Sudden ClassNotFound exceptions, sometimes related to changed dependencies

This will be a “bug report from hell”, unfortunately.

Sometimes (i.e. this is not reproducible and it’s also quite rare) our Jenkins CI server produces ClassNotFound exceptions after a dependency has been updated.

This happened, for example, while updating org.gebish:geb-spock:0.12.1 to org.gebish:geb-spock:0.12.2. The class geb.spock.GebSpec wasn’t found anymore.

It also happened with hibernate-validator-4.2.0.Final without changing the dependency.

error: package javax.validation does not exist
import javax.validation.Valid;

So far, this only happened on our build server.

The switches for Gradle on Jenkins are the following: --refresh-dependencies --no-search-upward --no-daemon --stacktrace.

This state is persistent. If Gradle gets into this strange state, it will stay in that state for future builds. Unfortunately, I have no idea how to reproduce that state.

Performing a gradle clean does not fix the problem - but manually deleting ~/.gradle/caches does.

I’m not sure if this already happened with Gradle 2.5 but it definitely happened with both Gradle 2.6 and 2.7-rc-1.

I know that this isn’t the most impressive bug report but I wanted to at least raise a flag and mention it. (A fishy heisencache is giving me the creeps.)

We are using an in-house Nexus repository as our dependency cache. I don’t think this has an impact since local builds have always been fine so far but I wanted to mention it anyway due to the general voodoo aspect of this issue.

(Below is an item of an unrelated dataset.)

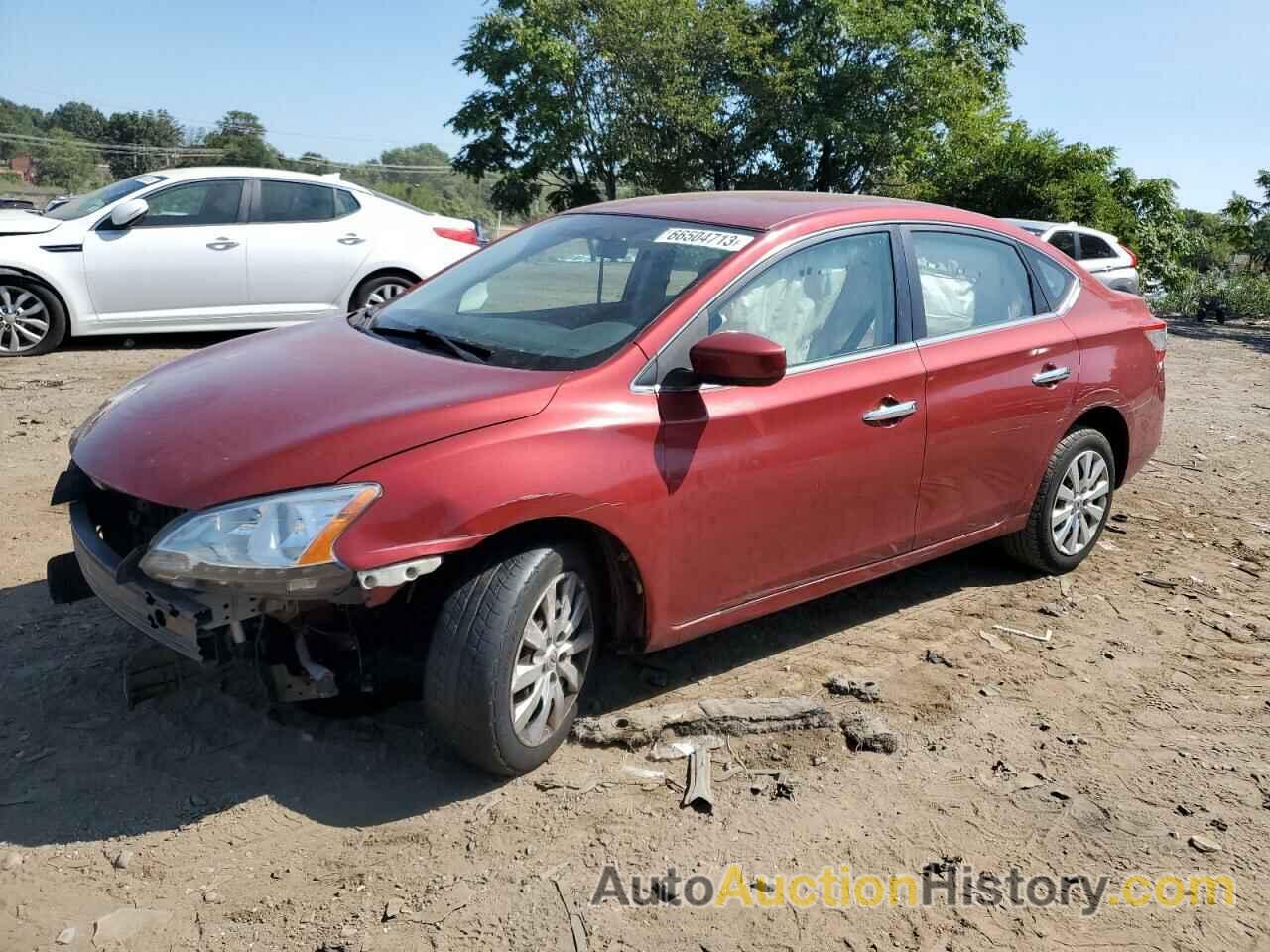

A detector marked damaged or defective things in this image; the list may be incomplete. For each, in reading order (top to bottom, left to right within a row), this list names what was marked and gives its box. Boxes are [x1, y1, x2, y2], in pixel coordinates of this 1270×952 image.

Thanks for letting us know.

What do you delete from ~/.gradle/caches? Everything?

Could you check if the jar for the “missing”/“bad” dependency is in the cache? If it is, check if it’s valid (e.g., can list the contents and the missing class is listed). Could you also check the checksum of the jar and compare that to Nexus?

Is the ~/.gradle directory for Jenkins on a local filesystem or a network mount?

Just an rm -rf ~/.gradle/caches.

Unfortunately, I can’t check the files anymore since the cache is deleted. I’ll definitely check whenever that problem shows up again.

~/.gradle is a symbolic link.

lrwxrwxrwx 1 webserv webdev 25 Jun 24 2014 .gradle → /opt/work/jenkins/.gradle

But the target is on the same machine, i.e. no network mount.

Hope that helps. A bit.

Alright…
The issue has returned.

This time, the class org.codehaus.plexus.util.IOUtil can’t be found by an init.d script.

That class is located in org.codehaus.plexus:plexus-utils:3.0.15.

Debug output grepped to include plexus-utils: http://pastebin.com/jzh9tjKW

I compared the content and checksum of /opt/work/jenkins/.gradle/caches/modules-2/files-2.1/org.codehaus.plexus/plexus-utils/3.0.15/519b3f1fc84d3387c61a8c8e6235daf89aea4168/plexus-utils-3.0.15.jar to http://repo1.maven.org/maven2/org/codehaus/plexus/plexus-utils/3.0.15/plexus-utils-3.0.15.jar and the files are identical.

The init.d script in question looks like this: http://pastebin.com/PHe3iDyx

I could also send you the complete debug output of the build but it’s larger than 512kb so it doesn’t fit into pastebin.

Sure, you can use sterling at gradle.com

Thanks for the additional debug output.

So, I think you’re running into a classloader issue. Gradle has a dependency on an older version of the plexus-utils library, which pollutes the classloader for the buildscript. When the webdav wagon tries to use a newer version, you get the CNF errors.

We’ve been chipping away at removing some of these dependencies, but they’re wrapped up in the publishing plugins.

@Adrian_Kelly Anything you could suggest?

So this can’t really be related to the original issue…

What I really don’t get is why this sometimes, but not always, happens on our build server (linux) but it never happened on my dev machine (os x) so far.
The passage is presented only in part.